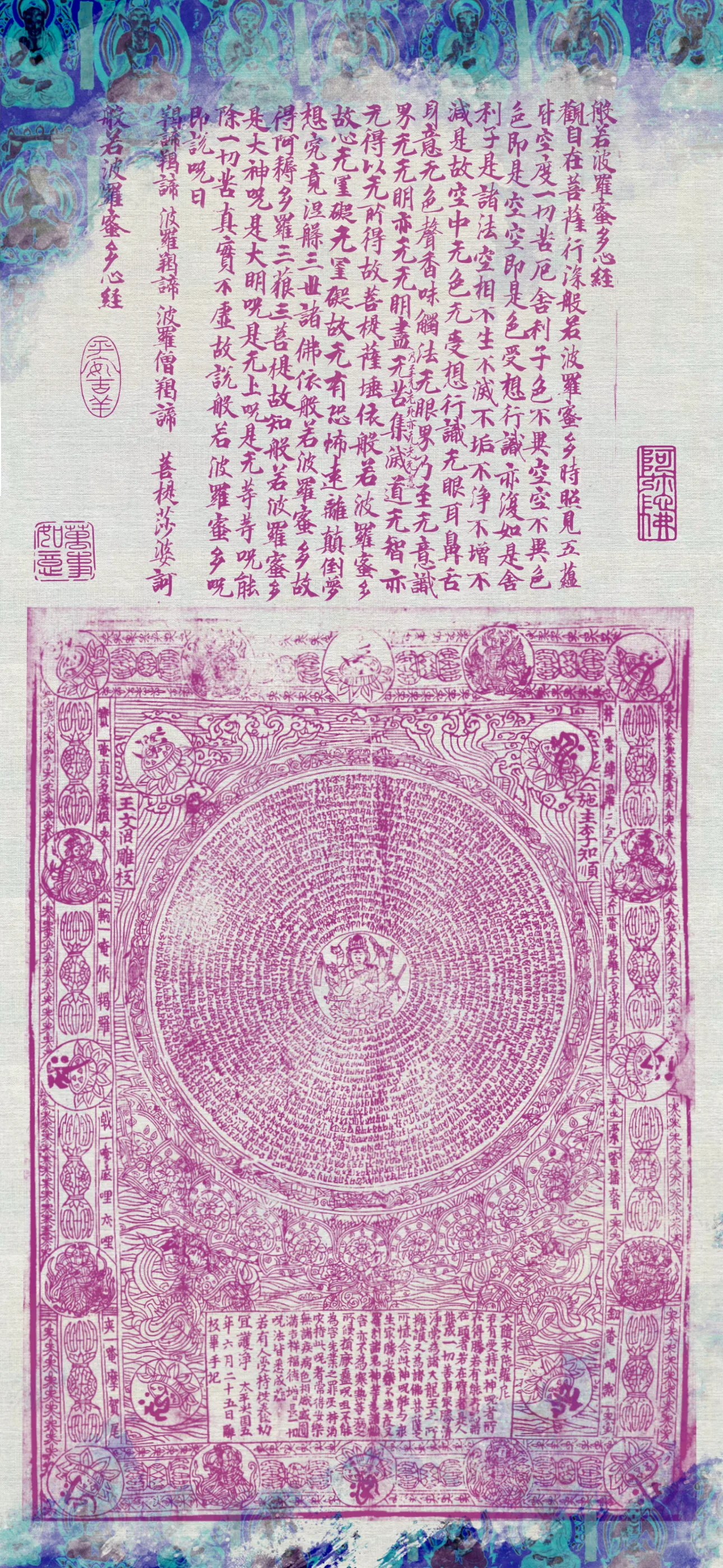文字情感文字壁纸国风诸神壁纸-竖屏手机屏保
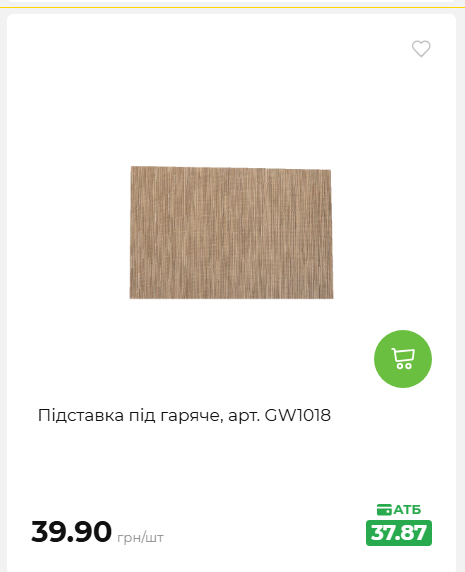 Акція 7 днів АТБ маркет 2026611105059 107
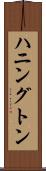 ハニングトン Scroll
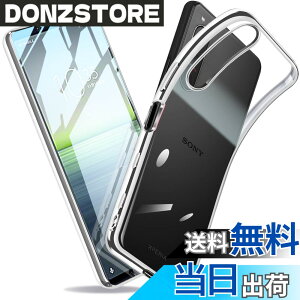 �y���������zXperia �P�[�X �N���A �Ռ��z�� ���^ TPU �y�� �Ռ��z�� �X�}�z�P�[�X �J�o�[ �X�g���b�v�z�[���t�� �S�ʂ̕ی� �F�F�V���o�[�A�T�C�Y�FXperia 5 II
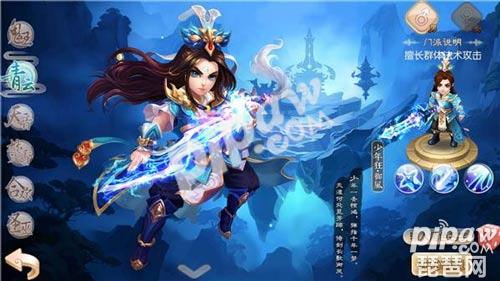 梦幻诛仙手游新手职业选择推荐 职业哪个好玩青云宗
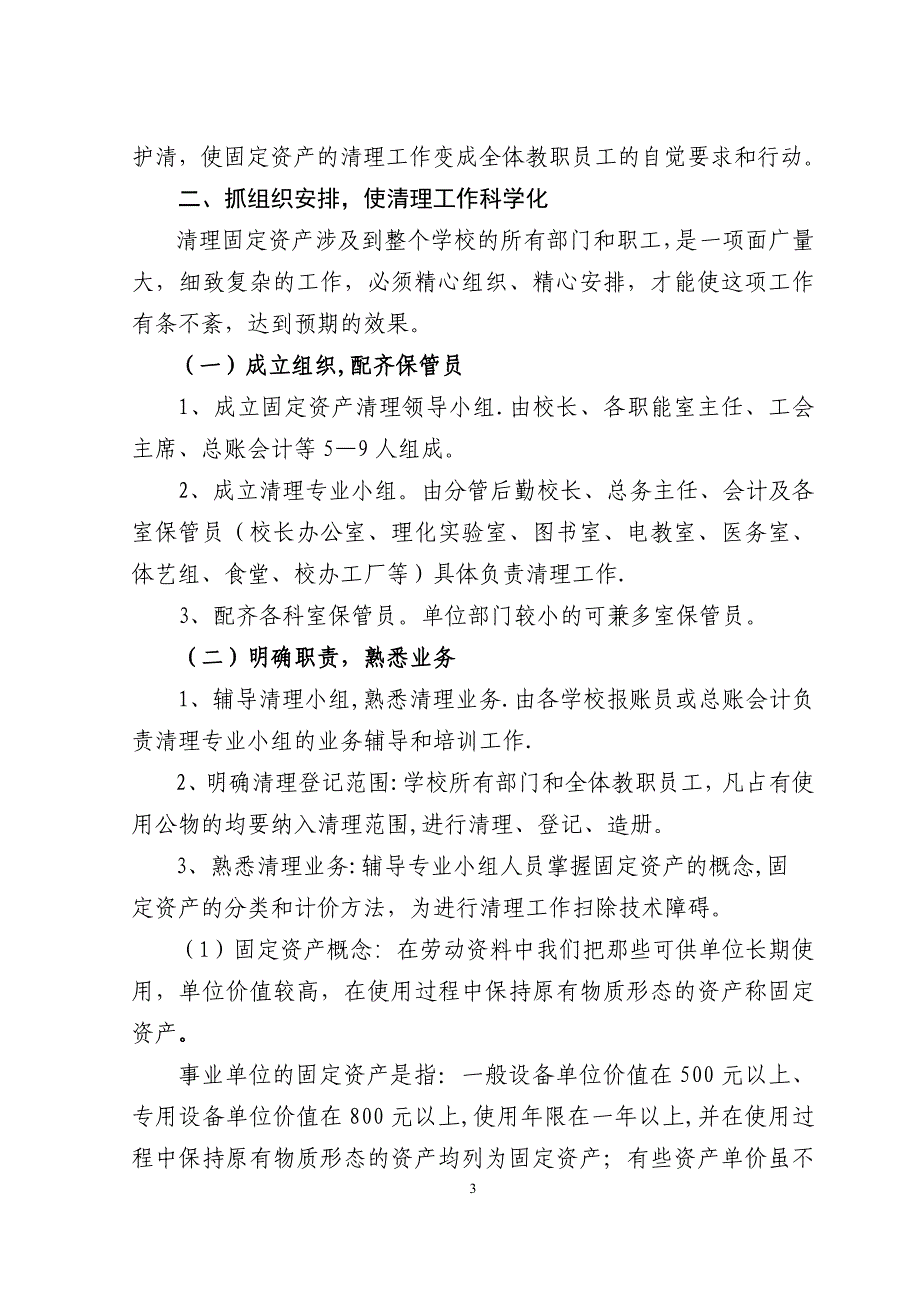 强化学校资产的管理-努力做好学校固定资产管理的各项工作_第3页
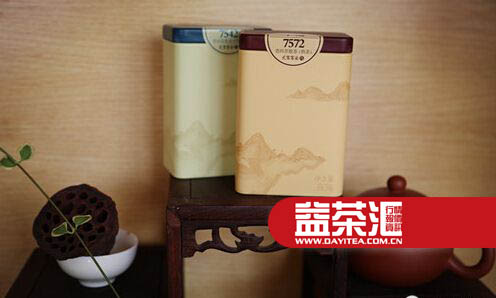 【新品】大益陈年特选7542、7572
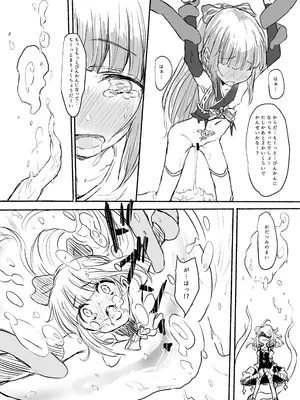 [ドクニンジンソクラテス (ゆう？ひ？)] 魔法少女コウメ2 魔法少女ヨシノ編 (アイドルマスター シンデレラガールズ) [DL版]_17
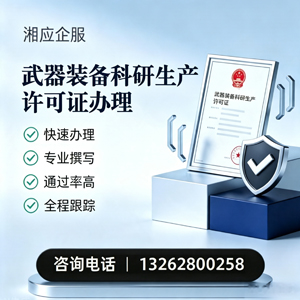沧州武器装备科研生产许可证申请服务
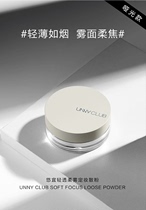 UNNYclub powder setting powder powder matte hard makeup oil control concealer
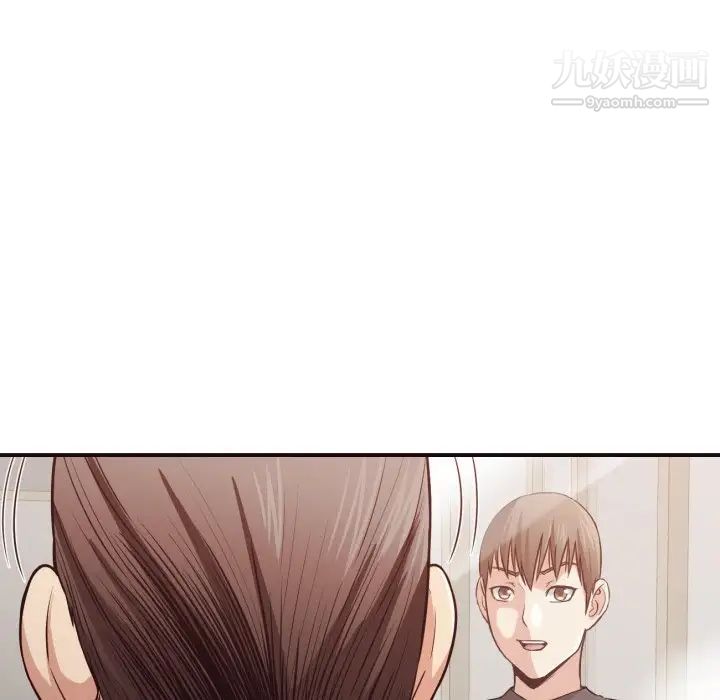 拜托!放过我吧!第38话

□ □ □ □ □ □ □

** Activity **
Reproduce every record verbatim, please. Omit the images.

** Answer space **
文字情感文字壁纸国风诸神壁纸-竖屏手机屏保
 Акція 7 днів АТБ маркет 2026611105059 107
 ハニングトン Scroll
 �y���������zXperia �P�[�X �N���A �Ռ��z�� ���^ TPU �y�� �Ռ��z�� �X�}�z�P�[�X �J�o�[ �X�g���b�v�z�[���t�� �S�ʂ̕ی� �F�F�V���o�[�A�T�C�Y�FXperia 5 II
 梦幻诛仙手游新手职业选择推荐 职业哪个好玩青云宗
 强化学校资产的管理-努力做好学校固定资产管理的各项工作_第3页
 【新品】大益陈年特选7542、7572
 [ドクニンジンソクラテス (ゆう？ひ？)] 魔法少女コウメ2 魔法少女ヨシノ編 (アイドルマスター シンデレラガールズ) [DL版]_17
沧州武器装备科研生产许可证申请服务
 UNNYclub powder setting powder powder matte hard makeup oil control concealer
 拜托!放过我吧!第38话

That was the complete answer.